Art Seen: March 26th

In this week's Art Seen, James Dignan looks at exhibitions from Tom Voyce, Mighael Hight, and the Olga Gallery.

 

St Clair V, by Tom Voyce
St Clair V, by Tom Voyce
‘‘Otepoti and Beyond’’, Tom Voyce (The Artist’s Room)

Welsh artist Tom Voyce has returned with more images from his time as an artist-in-residence in Dunedin. His images, as the exhibition’s title suggests, are mainly views of places around the city, with a handful of other works from elsewhere in the country.

Voyce’s paintings bear strong comparison with those of one of his inspirations — American artist Richard Diebenkorn.

Like Diebenkorn, Voyce uses flat planes of colour and a rigorous bold perspective to create images with an immense sense of depth. In some of the works, the perspective has been pushed to the point where an almost vertiginous feeling can be evoked in the viewer, but in doing so, the artist has grasped and beautifully conveyed the power of the landscape.

Voyce works on groups of paintings simultaneously, and by comparing works we get a sense of the devices he uses to create his scenes. Looking at images of Portobello, The Remarkables and Dunedin Railway Station, we see how we are drawn into the picture by bold leading diagonals which take us directly to the shimmering peaks in the distance. Voyce’s use of colour, with its strong blues and greens and flashes of red and yellow is no less audacious than the lines in these startling, attractive works.

 

Glenorchy, by Michael Hight
Glenorchy, by Michael Hight
‘‘Tributary (Part 2)’’, Michael Hight (Milford Gallery)

Michael Hight has produced another fine series of landscapes, both physical and mental, in his latest series of works at Milford Gallery. The artist’s compositional sense and fine eye for detail make the works a joy to behold.

Approximately half of the works in this exhibition are scenes from the inland high plains of the South Island, with fields receding until they reach the grandeur of the mountains.

As with many of Hight’s works, the centre of foreground attention is a group of beehives which form a henge, a timeless monument to human impingement on the natural backdrop. Hight is subtly commenting on the symbiosis which has formed between man and nature, and on how easily the balance between the two may be upended.

The remaining works, Hight’s Nocturnes, are a parallel series of internal landscapes — the land being that of dream and memory.
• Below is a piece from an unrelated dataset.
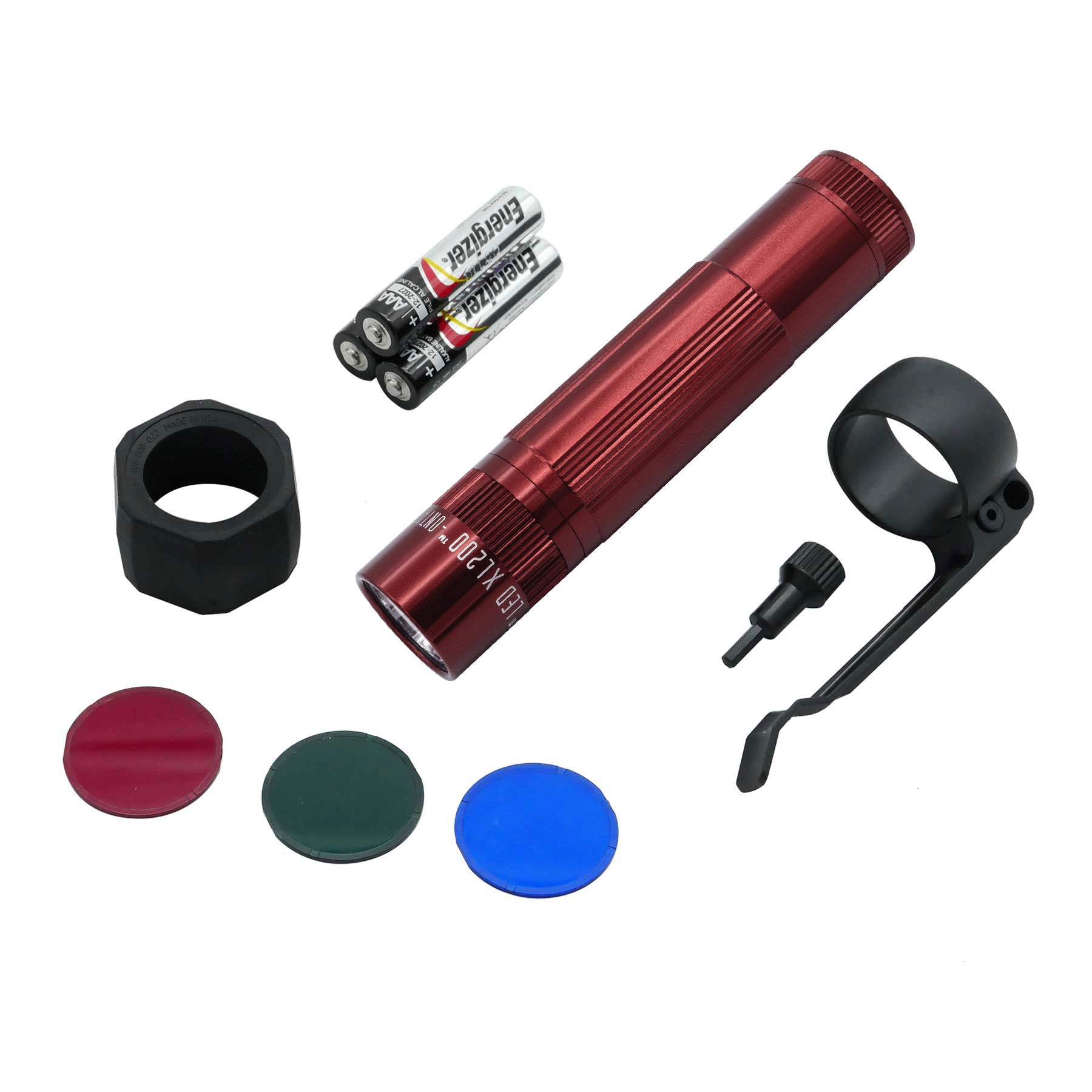 maglite-xl200-led-taschenlampe-tactical-pack-rot-zubeh-r image 1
In images such as Glenorchy a single symbol of the countryside is presented against an empty black backdrop, looming as from a dream.

In other works, perhaps the most astonishing in the exhibition, several such signifiers have been placed in the shelves of a wooden filing system. Mountains, artefacts, and memories detail the timeline of a life, simultaneously conjuring up comparisons with art ranging from Renaissance vanitas painting to De Chirico’s metaphysical works.

 

Exquisite Corpse 2/1
Exquisite Corpse 2/1
‘‘Exquisite Corpse’’ (Olga Gallery)

Olga Gallery has delved into the Surrealist playbook for its Fringe exhibition, ‘‘Exquisite Corpse’’.

‘‘Le cadavre exquis’’ (the exquisite corpse) was a technique developed from an old parlour game and was used by surrealist artists to free up their minds in the creation of images and to collaborate in groups of three or more on artistic works. One artist would draw the top of a figure, typically a head, then fold the paper over. The second artist, blind to the design of the top section, would then provide a torso, before the process was repeated with a third artist providing the lower portion of the body.

In Olga’s exhibition, groups of three local artists have produced works by similar methods. As might be expected by this process, the images are often hit-and-miss, but where they have succeeded they have produced some intriguing and thought-provoking chimeric forms. In one particularly memorable piece, a reclining blindfolded head attached to a serpent’s neck morphs into a beautifully drawn wild flower. This in turn merges into a pair of outsized human feet.